Data records
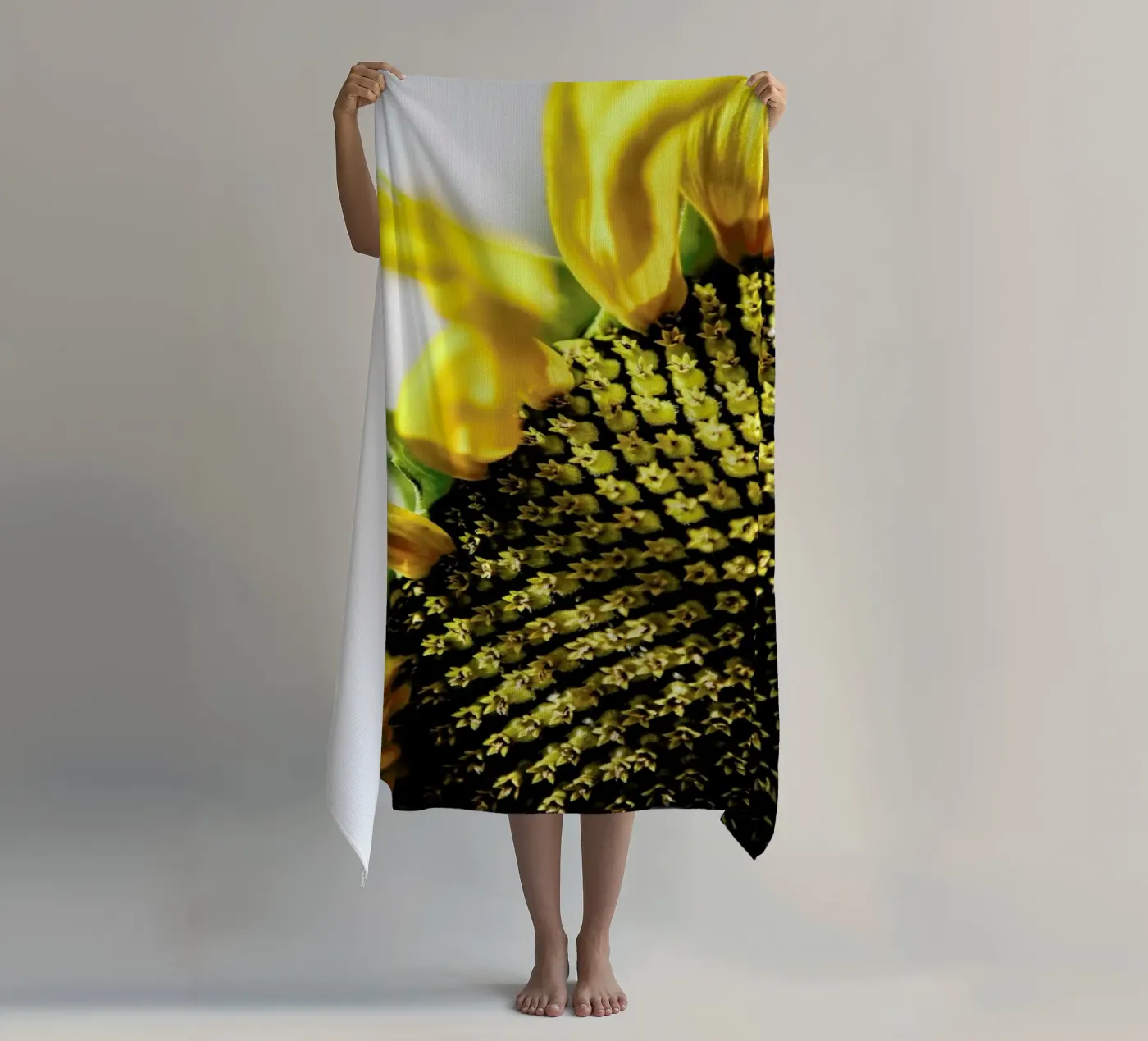 Sunflower strandhanddoek van Shot By Clint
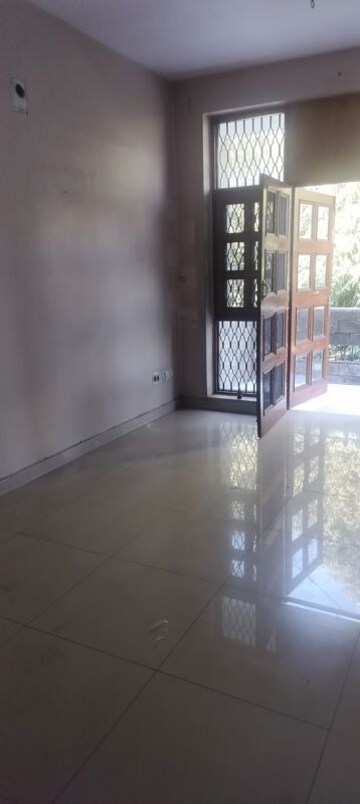 Room in 2.5 BHK Builder Floor at Janakpuri – for Rent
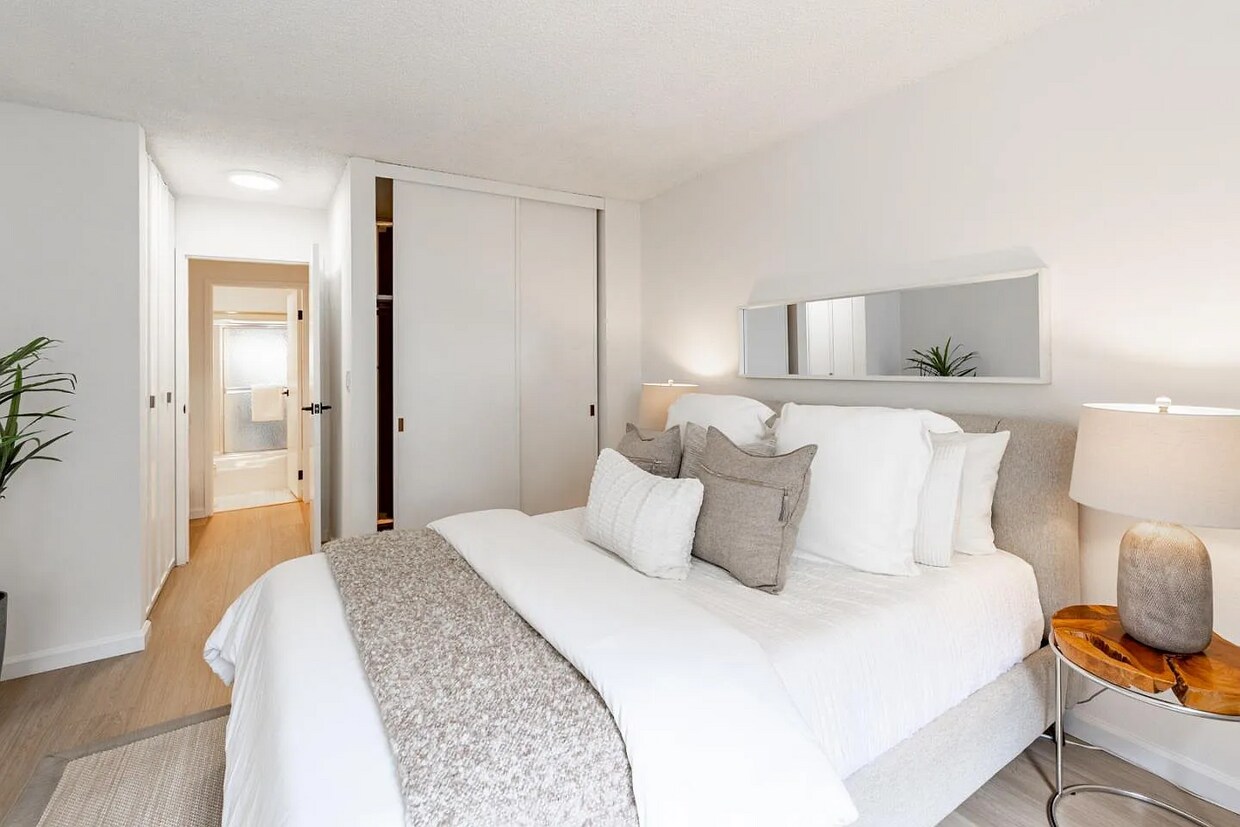 Foto principal - Convenient location to I-280/101 for a qui...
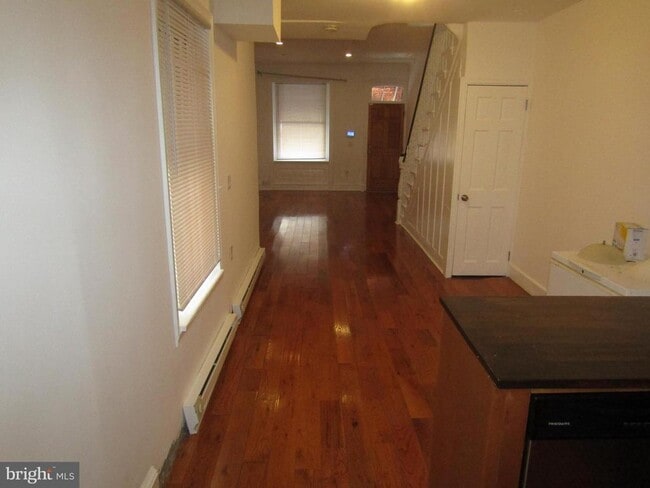 Building Photo - 2522 W Montgomery Ave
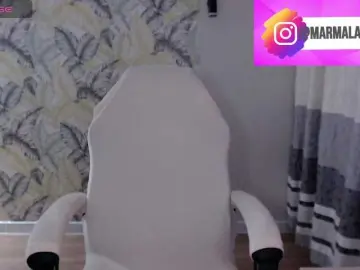 Bongacams Sex Cam of Foxymoxy19
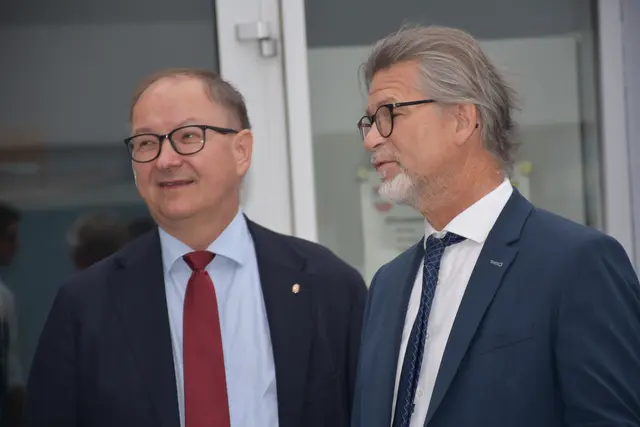 Eröffnet wurde in Dimbach die Krabbelstube, die Friedhofsanierung, Gedenkraum für Sternenkinder, Leader Projekt "Auf den Spuren von Franz Xaver Müller" und Parkplatz.  | Foto: Robert Zinterhof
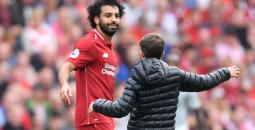 salah-and-a-young-fan_1i2tbb8x8yxumzmob1laf06o3.jpg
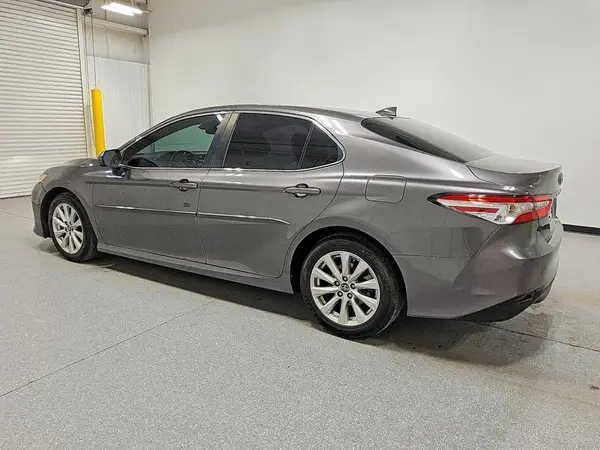 4T1B11HK5KU714103 2019 TOYOTA CAMRY - Image 2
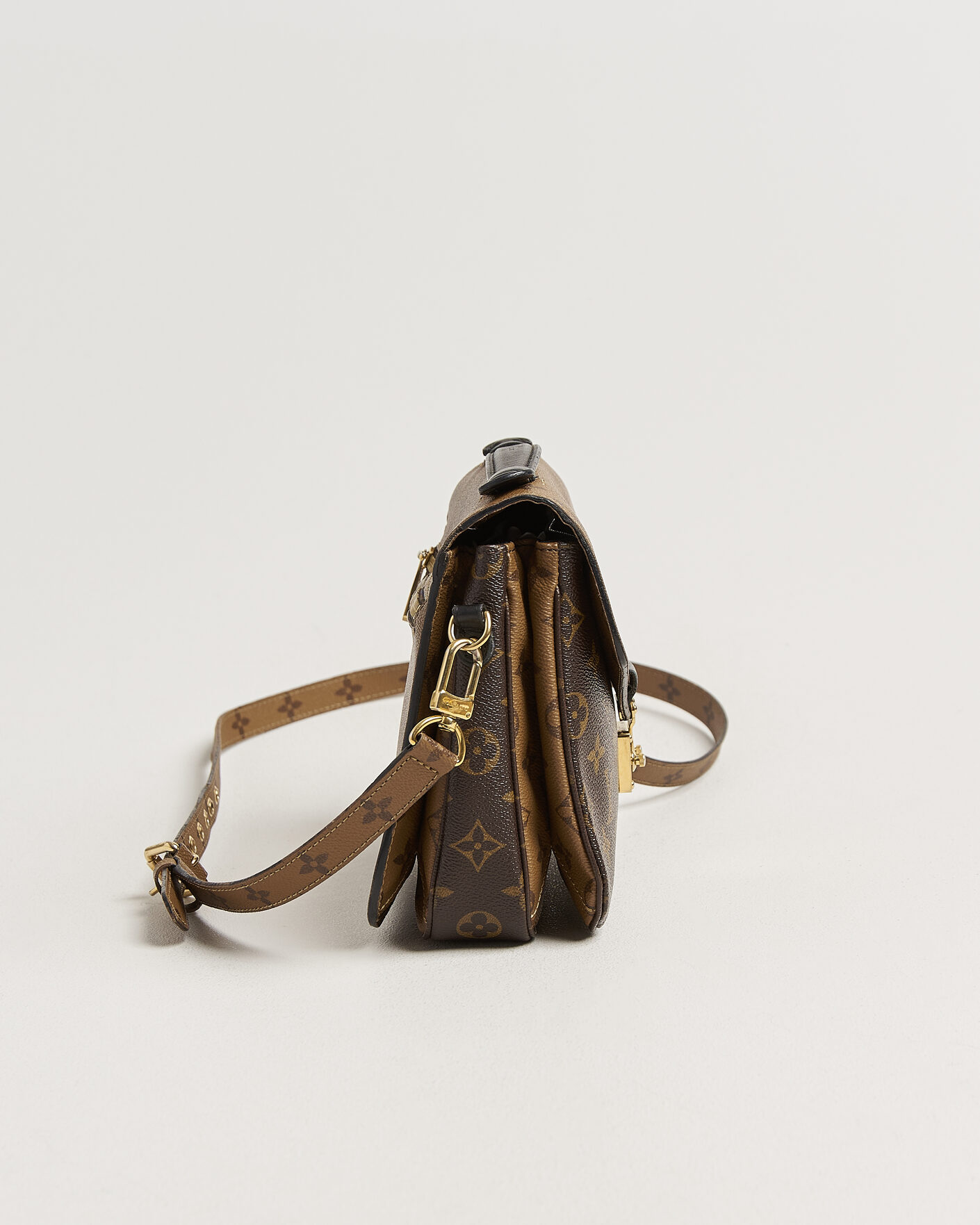 Mies | Pre-Owned & Vintage Bags | Louis Vuitton Pre-Owned | Pochette Métis Reverse Monogram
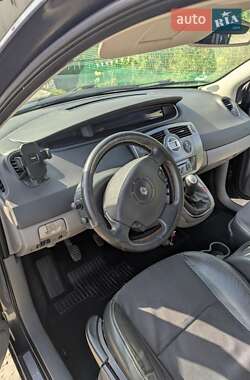 Минивэн Renault Scenic 2005 в 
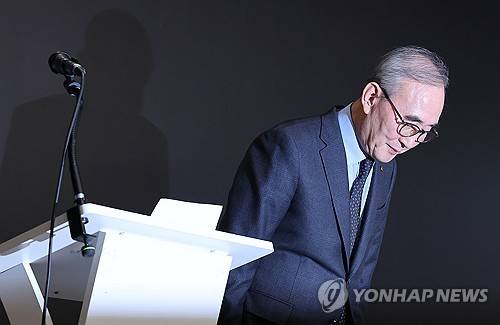 무단 소액결제와 해킹 관련 브리핑, 고개 숙인 김영섭 KT 사장 (서울=연합뉴스) 김주형 기자 = 김영섭 KT 대표이사 사장이 30일 서울 종로구 광화문 사옥에서 열린 무단 소액결제 사태 및 해킹 사고 등과 관련한 '침해사고 관련 대고객 사과와 정보보안 혁신방안' 브리핑에서 고개 숙여 사과하고 있다. 2025.12.30 kjhpress@yna.co.kr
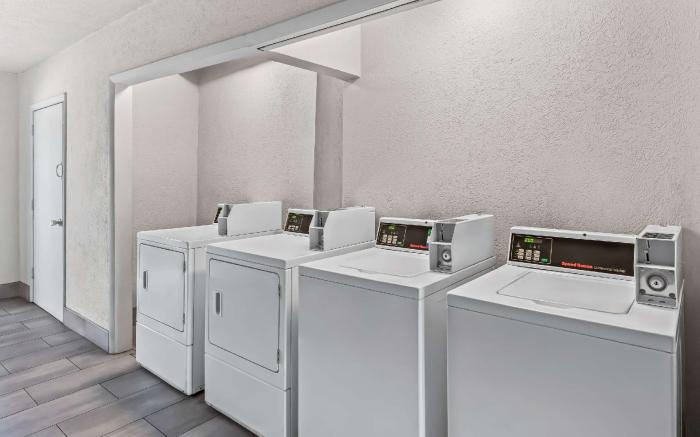 Motel 6 Lester, PA - Philadelphia Airport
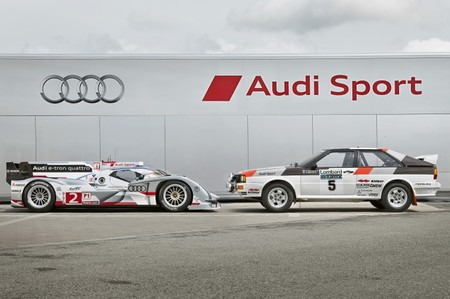 Audi-packs-R18-LeMans-Race-cars-with-AMOLED-6.jpg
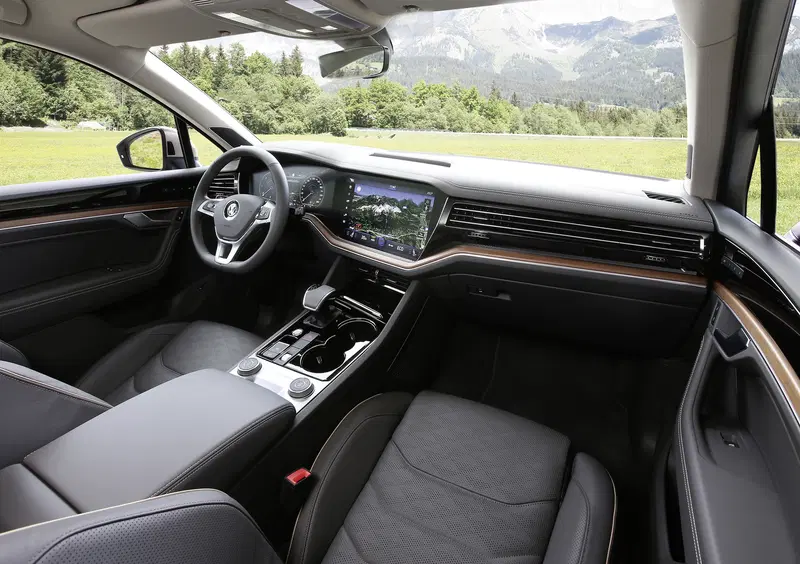 Volkswagen Touareg (2018-->>) (34)
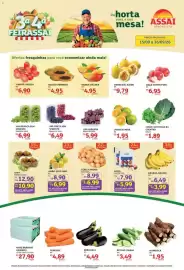 Encarte Assaí Atacadista Página 1: Couve-manteiga ou coentro €1,89, Mamão-formosa €4,95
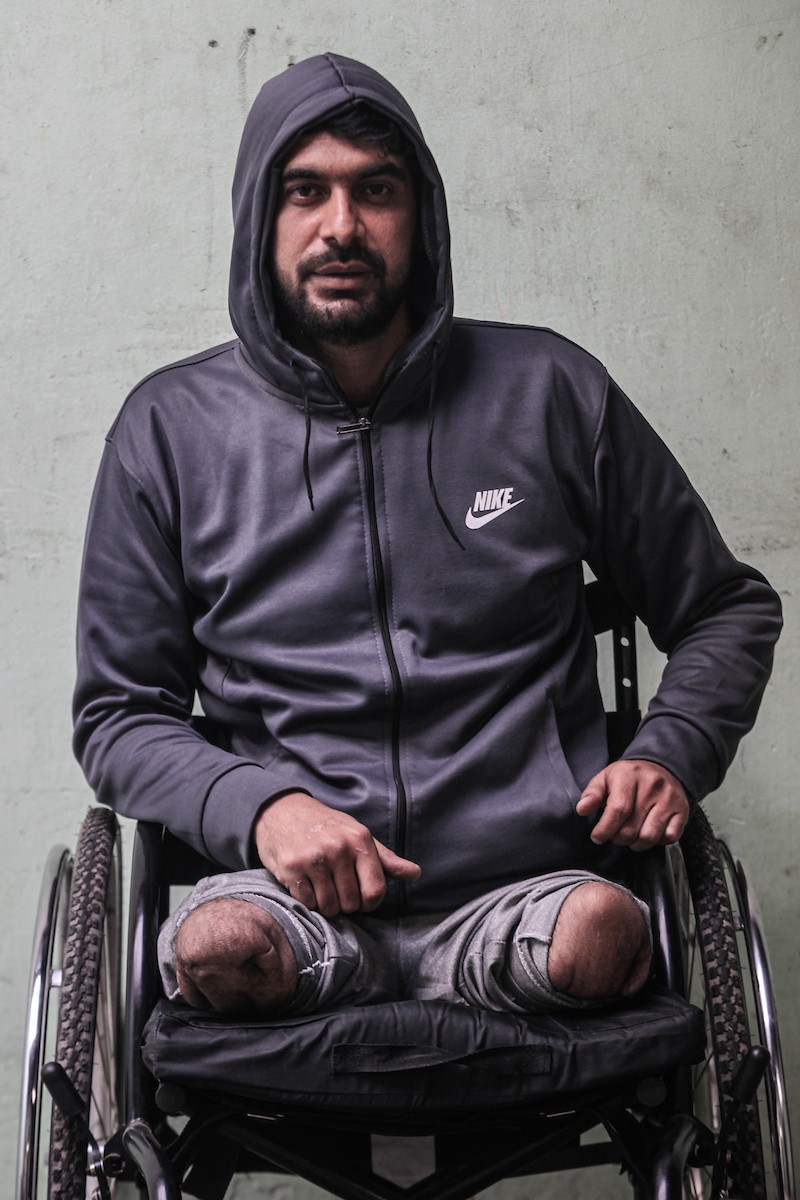  المعلّم سعيد خليل عزم (33 عامًا) أُصيب بجروح بالغة أدّت إلى بتر قدميه، جراء قصف إسرائيلي خلال الحرب على غزة، في مخيم البريج وسط القطاع،  يناير/كانون الثاني 2026. تصوير: معز صالحي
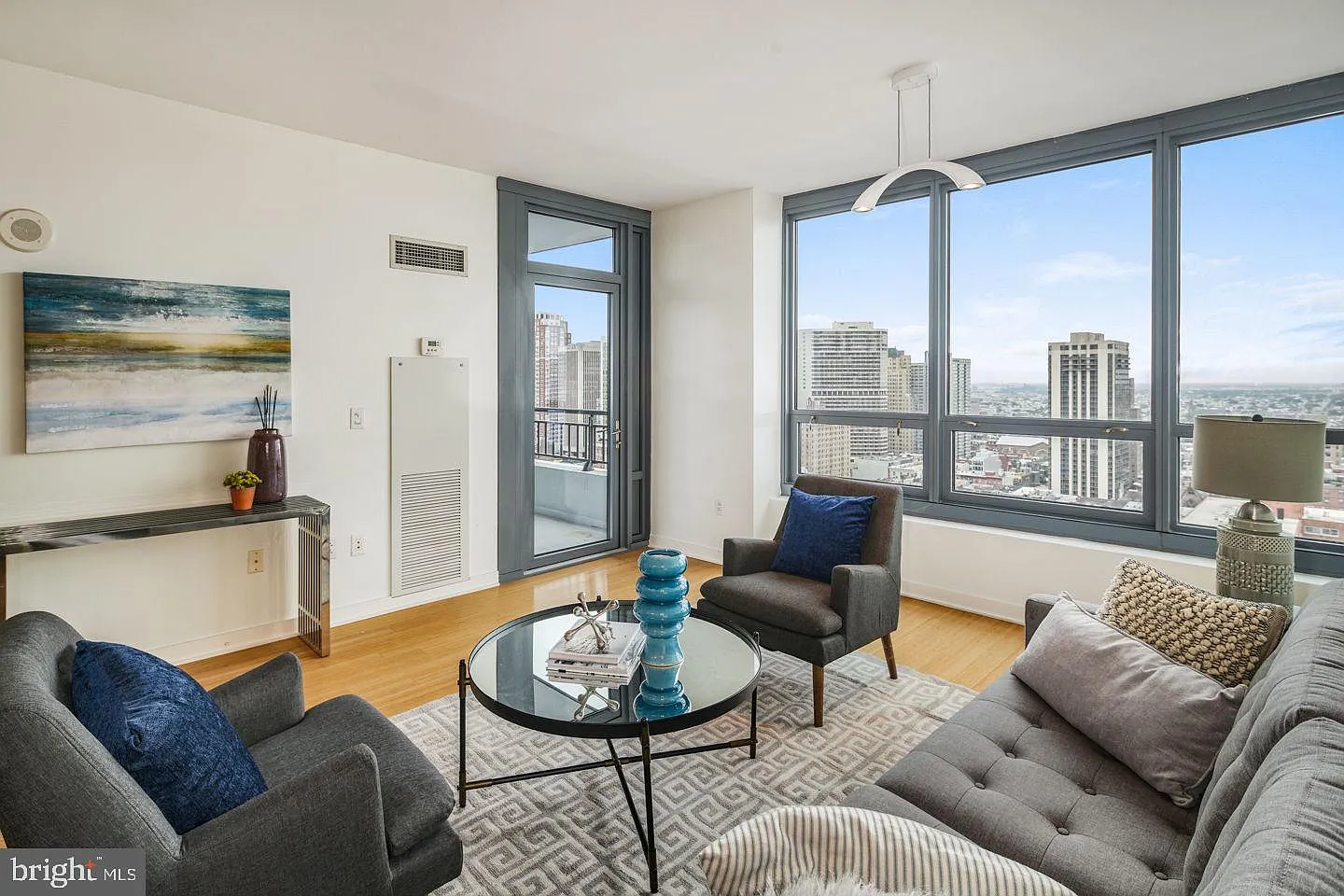 2101 Market St Unit 2405 photo 1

Task to carry out
The required response consists solely of the lines from the line containing "المعلّم سعيد خليل" through the end of the listing, both ends included, copied exactly without pictures.

Response to this task
  المعلّم سعيد خليل عزم (33 عامًا) أُصيب بجروح بالغة أدّت إلى بتر قدميه، جراء قصف إسرائيلي خلال الحرب على غزة، في مخيم البريج وسط القطاع،  يناير/كانون الثاني 2026. تصوير: معز صالحي
 2101 Market St Unit 2405 photo 1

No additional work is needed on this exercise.